Give back exactly the line that contains "エレアコギター】Ibanez シリーズ・フラッグシップ・モデル" and all the lines after it in the records below, to the very last, with no other output.

————————

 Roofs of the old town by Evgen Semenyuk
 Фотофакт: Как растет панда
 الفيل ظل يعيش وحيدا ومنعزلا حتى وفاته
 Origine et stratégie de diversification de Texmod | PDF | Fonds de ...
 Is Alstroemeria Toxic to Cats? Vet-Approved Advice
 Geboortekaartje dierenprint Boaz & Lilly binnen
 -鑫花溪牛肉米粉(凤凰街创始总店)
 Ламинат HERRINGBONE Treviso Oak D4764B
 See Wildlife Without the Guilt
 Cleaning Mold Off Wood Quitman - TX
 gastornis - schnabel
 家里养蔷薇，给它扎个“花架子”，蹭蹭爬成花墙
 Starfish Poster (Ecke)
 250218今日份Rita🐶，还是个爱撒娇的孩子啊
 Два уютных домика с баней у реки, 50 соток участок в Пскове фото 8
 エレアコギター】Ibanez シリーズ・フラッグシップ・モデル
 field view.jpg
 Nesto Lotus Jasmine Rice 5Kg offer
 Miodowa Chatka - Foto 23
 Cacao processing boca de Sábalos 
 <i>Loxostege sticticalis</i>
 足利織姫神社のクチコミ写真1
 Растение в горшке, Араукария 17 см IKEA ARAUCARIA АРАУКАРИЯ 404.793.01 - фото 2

————————

## RESPONSE BELOW:
 エレアコギター】Ibanez シリーズ・フラッグシップ・モデル
 field view.jpg
 Nesto Lotus Jasmine Rice 5Kg offer
 Miodowa Chatka - Foto 23
 Cacao processing boca de Sábalos 
 <i>Loxostege sticticalis</i>
 足利織姫神社のクチコミ写真1
 Растение в горшке, Араукария 17 см IKEA ARAUCARIA АРАУКАРИЯ 404.793.01 - фото 2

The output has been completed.